===== Material provided

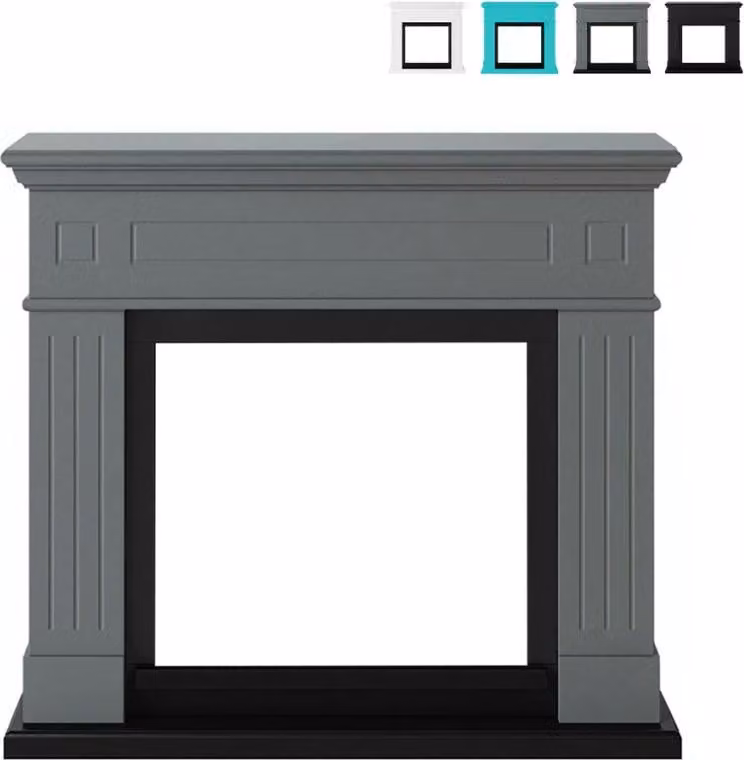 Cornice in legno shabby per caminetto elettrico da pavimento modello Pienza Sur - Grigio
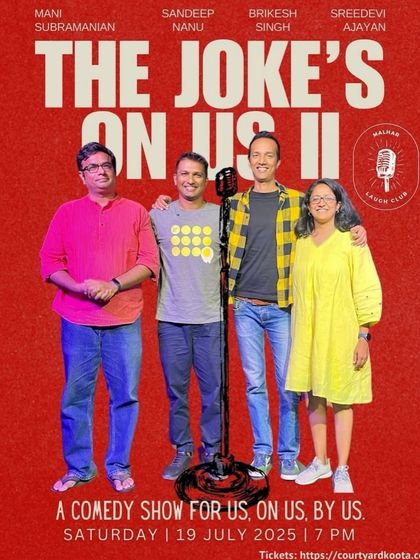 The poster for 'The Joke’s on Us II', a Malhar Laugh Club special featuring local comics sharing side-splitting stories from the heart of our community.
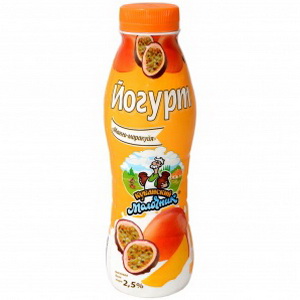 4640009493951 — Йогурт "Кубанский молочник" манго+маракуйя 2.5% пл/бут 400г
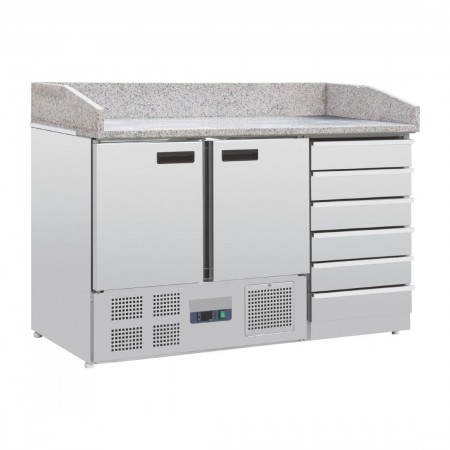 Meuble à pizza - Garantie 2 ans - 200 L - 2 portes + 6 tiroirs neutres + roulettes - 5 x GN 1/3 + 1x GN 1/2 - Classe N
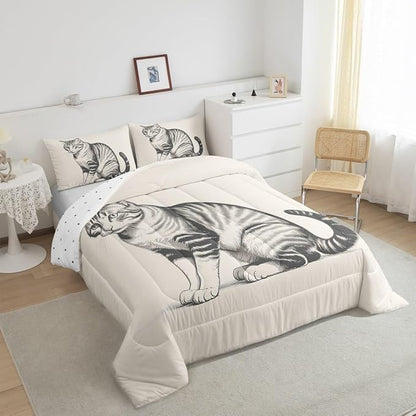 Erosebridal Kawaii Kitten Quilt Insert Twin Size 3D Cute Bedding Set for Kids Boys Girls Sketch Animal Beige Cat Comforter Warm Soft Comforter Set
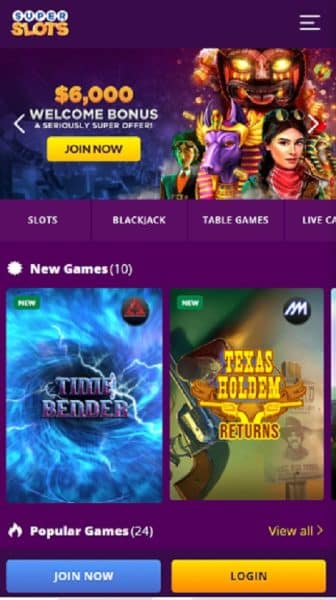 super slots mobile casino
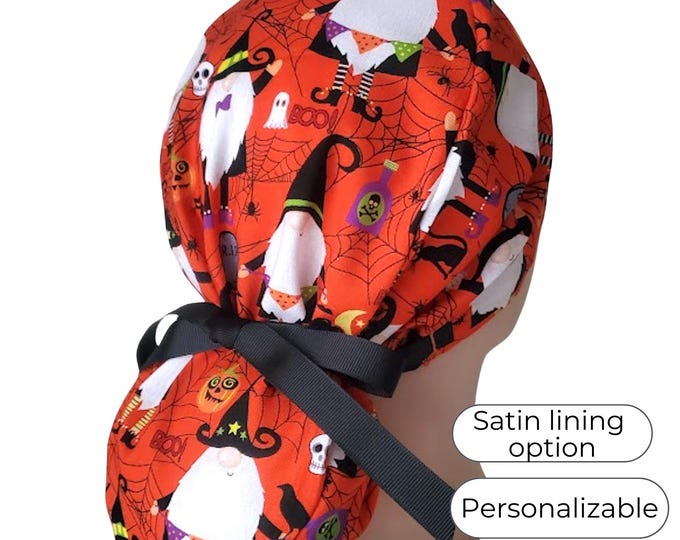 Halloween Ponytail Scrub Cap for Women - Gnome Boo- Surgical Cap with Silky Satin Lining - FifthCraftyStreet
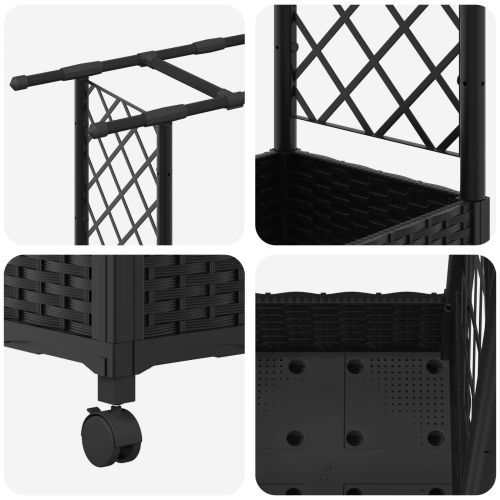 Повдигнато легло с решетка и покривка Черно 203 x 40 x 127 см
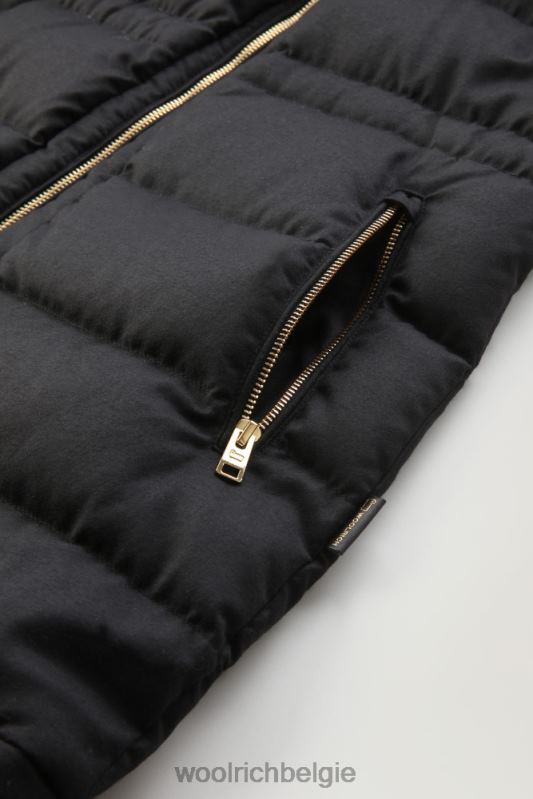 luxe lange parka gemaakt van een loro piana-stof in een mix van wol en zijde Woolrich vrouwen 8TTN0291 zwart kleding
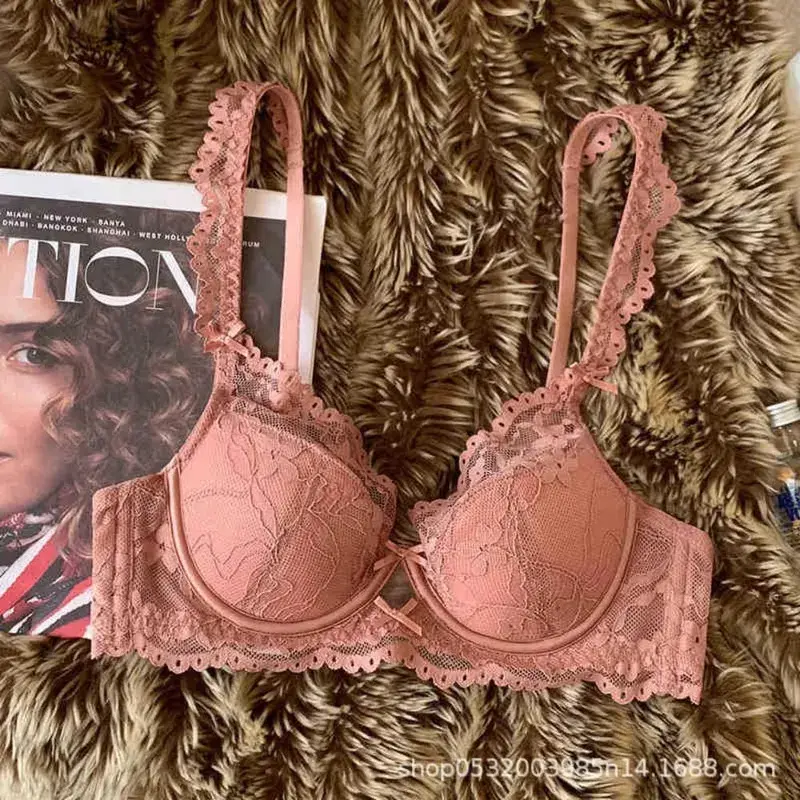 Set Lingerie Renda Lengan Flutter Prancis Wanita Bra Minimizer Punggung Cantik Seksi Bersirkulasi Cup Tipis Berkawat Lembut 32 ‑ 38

==========
===== Material provided

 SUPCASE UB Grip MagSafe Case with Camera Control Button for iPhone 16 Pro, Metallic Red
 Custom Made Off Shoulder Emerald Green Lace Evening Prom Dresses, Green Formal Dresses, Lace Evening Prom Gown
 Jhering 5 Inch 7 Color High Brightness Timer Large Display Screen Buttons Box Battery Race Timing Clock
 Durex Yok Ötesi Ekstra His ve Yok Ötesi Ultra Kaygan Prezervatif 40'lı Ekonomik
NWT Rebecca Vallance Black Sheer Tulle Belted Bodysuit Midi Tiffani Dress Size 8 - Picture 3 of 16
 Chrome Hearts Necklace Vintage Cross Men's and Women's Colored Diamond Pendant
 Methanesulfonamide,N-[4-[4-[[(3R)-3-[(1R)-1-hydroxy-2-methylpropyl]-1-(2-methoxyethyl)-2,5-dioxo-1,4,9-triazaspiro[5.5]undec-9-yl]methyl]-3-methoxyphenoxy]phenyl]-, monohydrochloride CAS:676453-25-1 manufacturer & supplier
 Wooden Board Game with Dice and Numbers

==========
===== Material provided

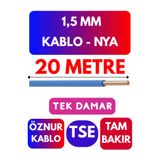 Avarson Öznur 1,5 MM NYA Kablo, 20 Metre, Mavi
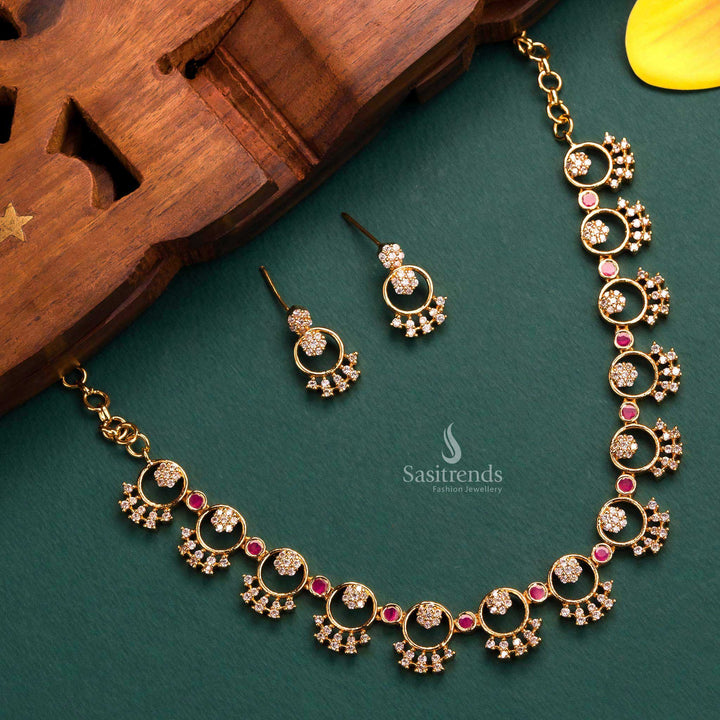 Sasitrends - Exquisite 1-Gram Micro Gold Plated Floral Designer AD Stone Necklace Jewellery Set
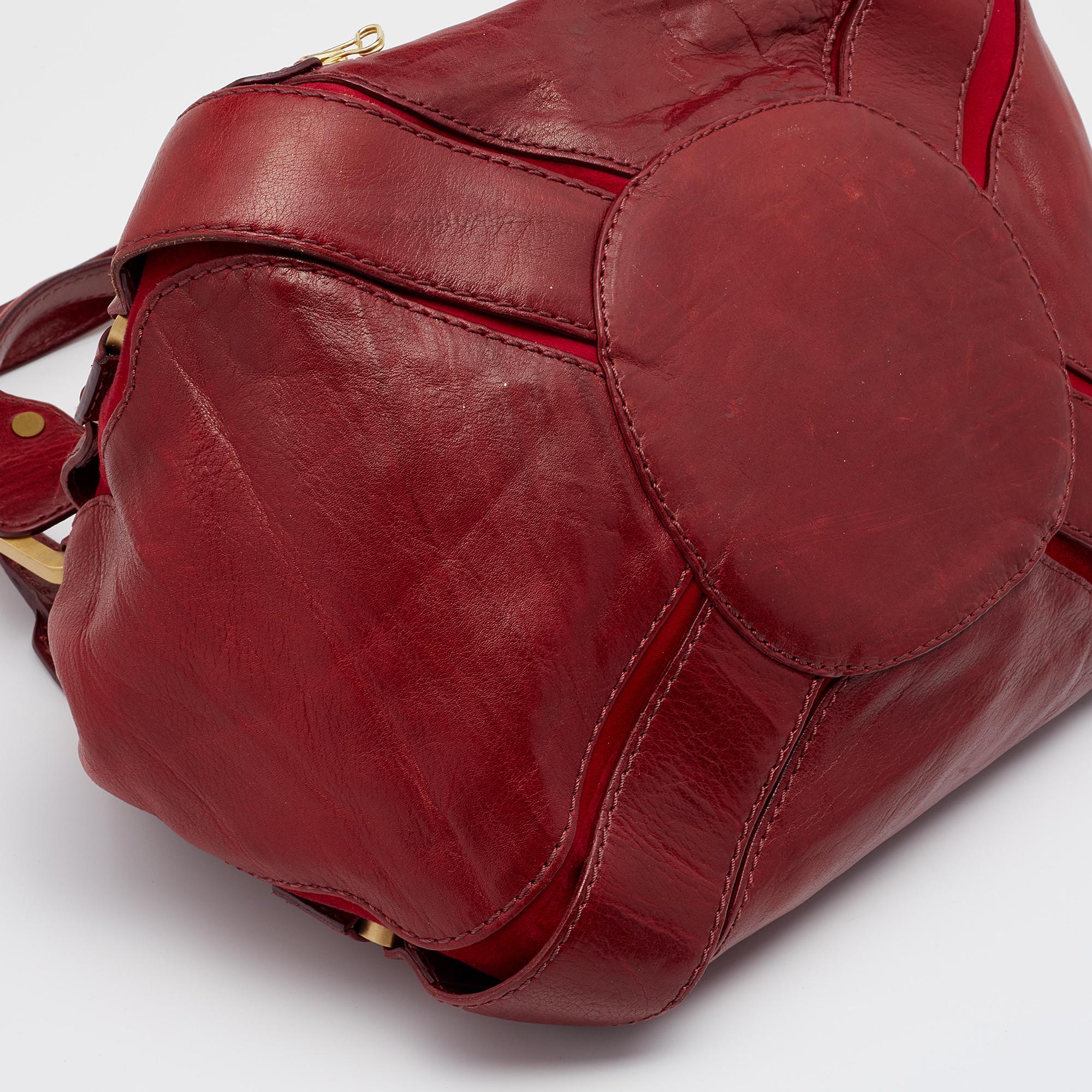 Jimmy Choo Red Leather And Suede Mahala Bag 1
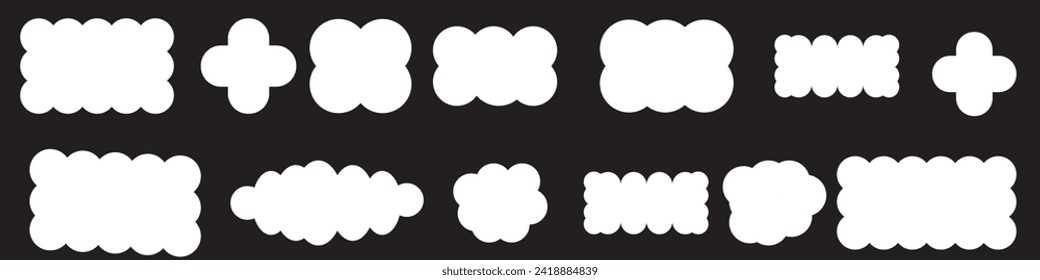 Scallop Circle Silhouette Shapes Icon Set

==========

▶ Problem to work on: Output, from the data above, the lines from the line with "manufacturer & supplier" to the line with "Wooden Board Game with Dice and Numbers" exactly as they stand, both ends included and nothing else.

▶ Finished exercise:
 Methanesulfonamide,N-[4-[4-[[(3R)-3-[(1R)-1-hydroxy-2-methylpropyl]-1-(2-methoxyethyl)-2,5-dioxo-1,4,9-triazaspiro[5.5]undec-9-yl]methyl]-3-methoxyphenoxy]phenyl]-, monohydrochloride CAS:676453-25-1 manufacturer & supplier
 Wooden Board Game with Dice and Numbers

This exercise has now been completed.